Turkish President Recep Tayyip Erdogan, right, and President Isaac Herzog speak to the media after their talks, in Ankara, Turkey, March 9, 2022. (AP Photo/Burhan Ozbilici)

Tuesday’s meeting was the first known to have taken place between the Turkish leader and Netanyahu. (There were reports ahead of an expected meeting in 2016, but no confirmation that it took place.)

It came amid a warming of ties between Israel and Turkey after years of animosity between the two countries’ leaders. President Isaac Herzog was hosted by Erdogan last March in Ankara — the first high-level Israeli visit since 2008 — and Foreign Minister Eli Cohen met the Turkish leader in February.

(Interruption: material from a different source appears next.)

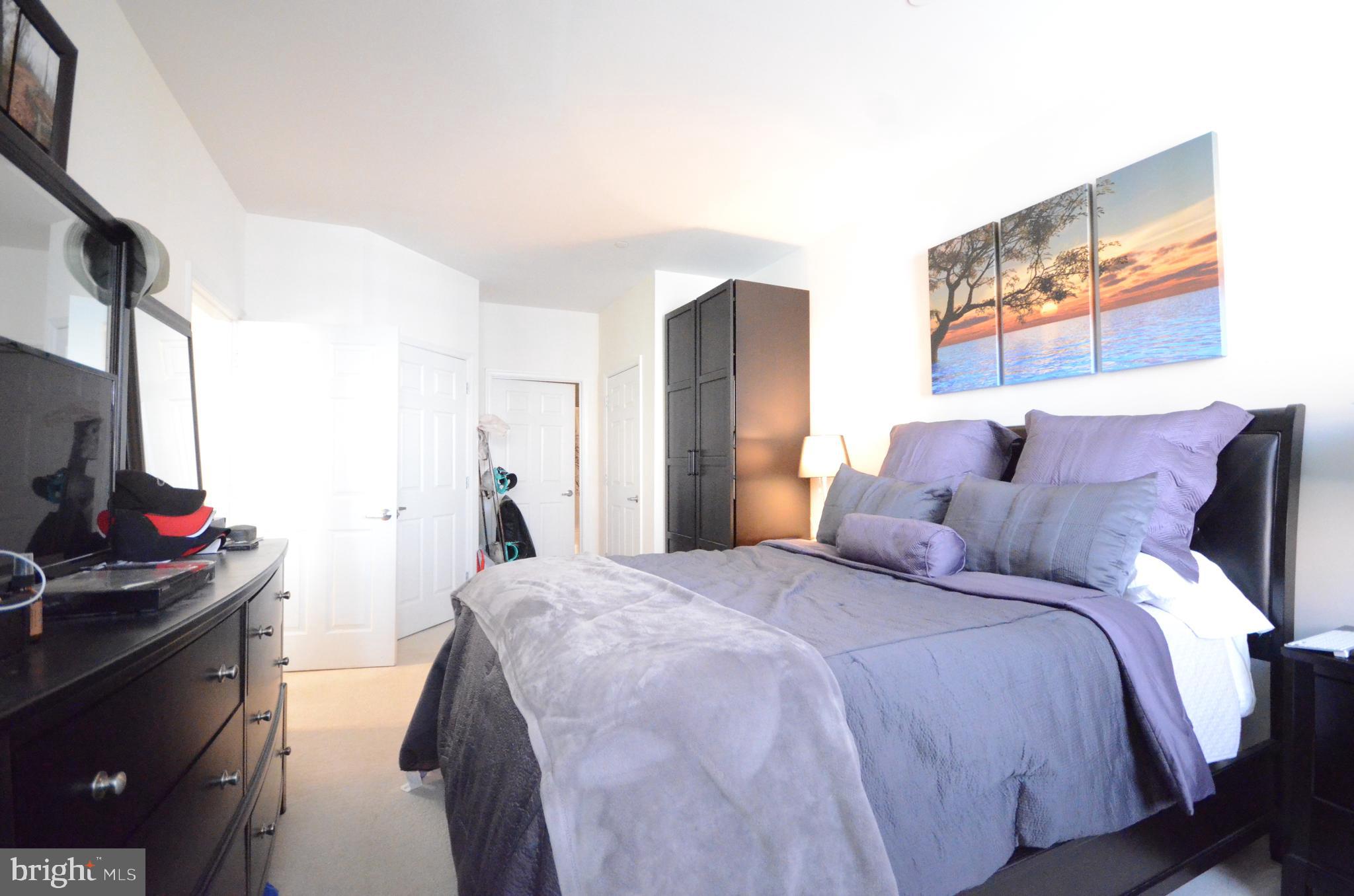 PIERSIDE AT HARBORVIEW - Residential Lease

Then-prime minister Yair Lapid met with Erdogan in New York during last year’s General Assembly.

Both Netanyahu and Herzog called Erdogan in May to congratulate him on his victory in the presidential elections and urged a continued improvement in ties between the two regional powers.

Israel was a long-time regional ally of Turkey before Erdogan came to power, but ties imploded after a 2010 Israeli commando raid on the Gaza-bound Mavi Marmara ship, part of a blockade-busting flotilla, that left dead 10 Turkish activists who attacked IDF soldiers aboard the ship.

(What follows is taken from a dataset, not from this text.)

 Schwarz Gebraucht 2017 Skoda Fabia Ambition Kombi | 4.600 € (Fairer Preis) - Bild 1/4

Israel’s ambassador to Turkey Irit Lillian (L) presents her letter of credence to Turkish President Recep Tayyip Erdogan, December 27, 2022 (Presidency of the Republic of Turkey)

Netanyahu and Erdogan repeatedly aimed brickbats at each other in the ensuing years, including leveling charges of genocide at each other. In July 2014, Erdogan accused the Jewish state of “keeping Hitler’s spirit alive” during a war with Gaza.

Ties later saw a moderate improvement, but both countries withdrew their ambassadors in 2018.

Facing hardening diplomatic isolation and economic woes, Erdogan began to publicly display an openness toward rapprochement in December 2020. In August of last year, Israel and Turkey announced a full renewal of diplomatic ties.